**Work request**
Would you repeat word for word the lines of the listing that follows, from the one with "India’s Manu Bhaker" up to and including the one with "Rijksmuseum Amsterdam z", and leave out the images?

**Recorded data**
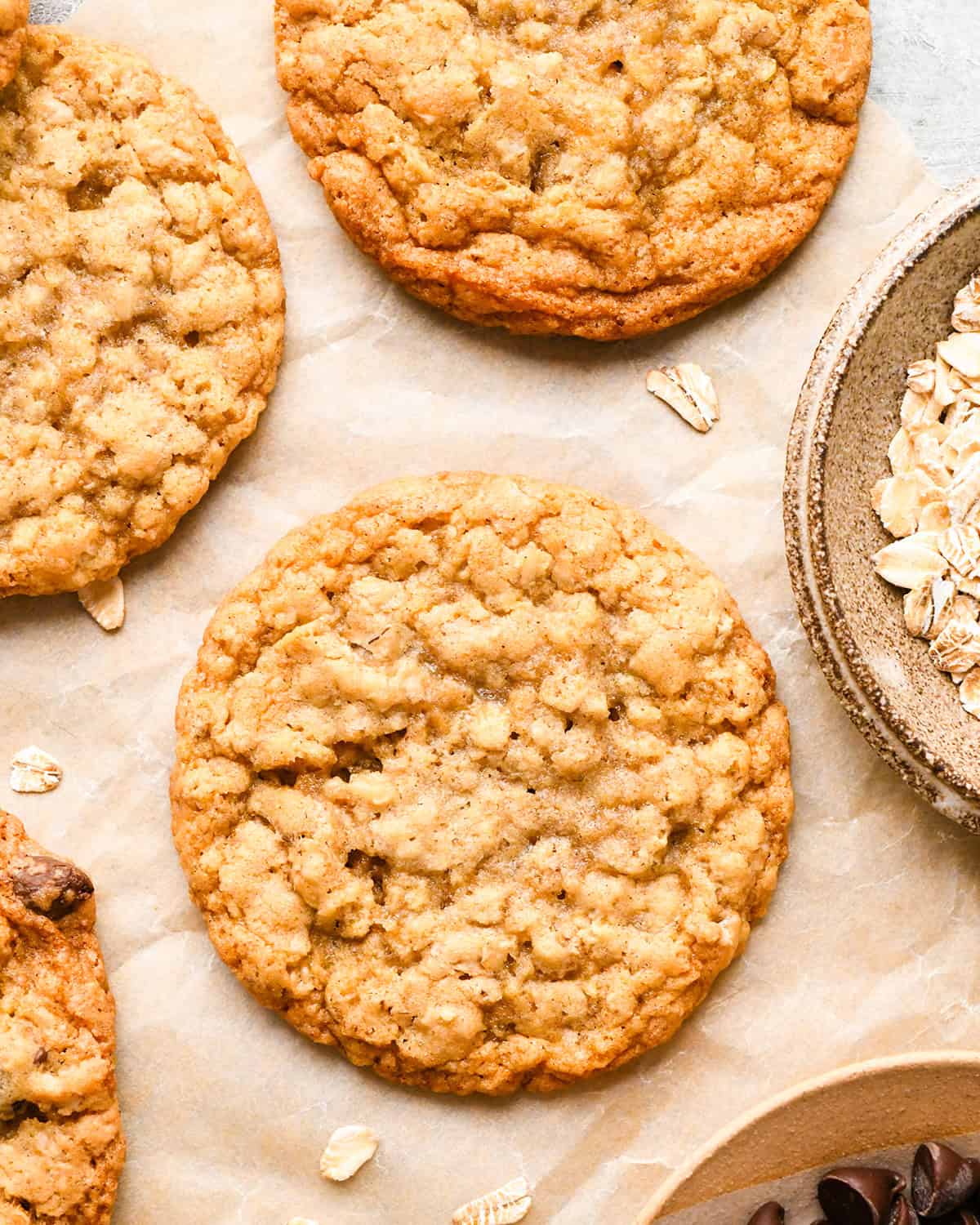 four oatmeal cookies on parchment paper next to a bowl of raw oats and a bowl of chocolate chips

--

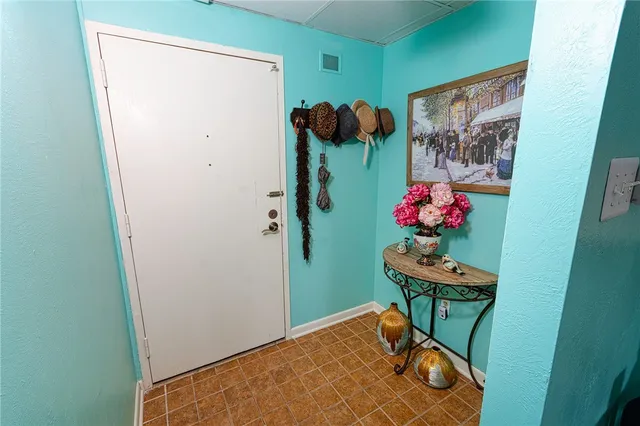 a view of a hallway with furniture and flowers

...

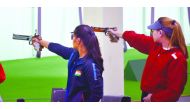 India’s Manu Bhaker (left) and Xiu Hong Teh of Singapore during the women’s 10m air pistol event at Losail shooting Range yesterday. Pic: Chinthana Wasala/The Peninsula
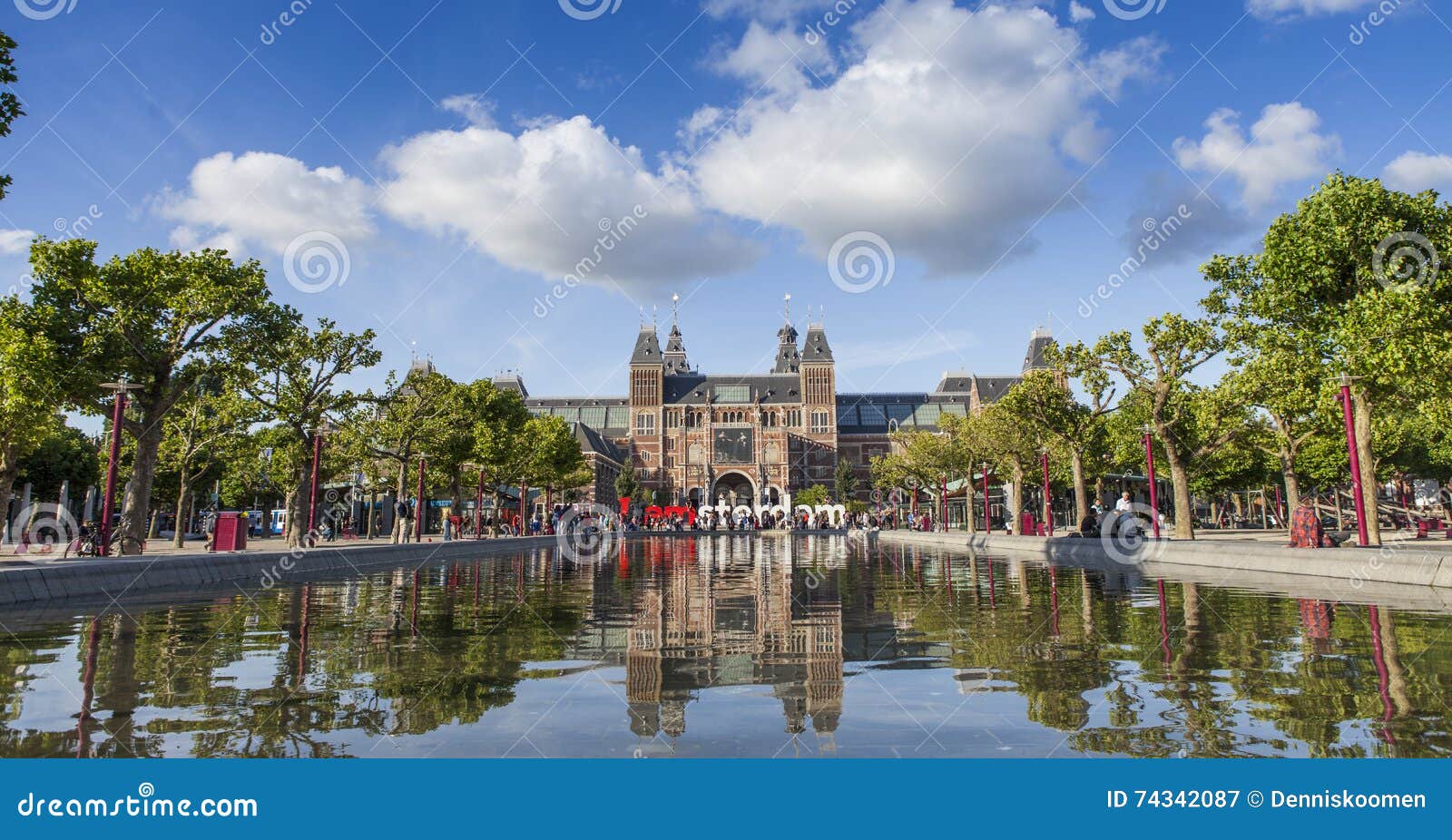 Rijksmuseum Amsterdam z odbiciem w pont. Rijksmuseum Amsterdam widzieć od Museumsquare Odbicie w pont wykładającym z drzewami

**Output of the exercise**
 India’s Manu Bhaker (left) and Xiu Hong Teh of Singapore during the women’s 10m air pistol event at Losail shooting Range yesterday. Pic: Chinthana Wasala/The Peninsula
 Rijksmuseum Amsterdam z odbiciem w pont. Rijksmuseum Amsterdam widzieć od Museumsquare Odbicie w pont wykładającym z drzewami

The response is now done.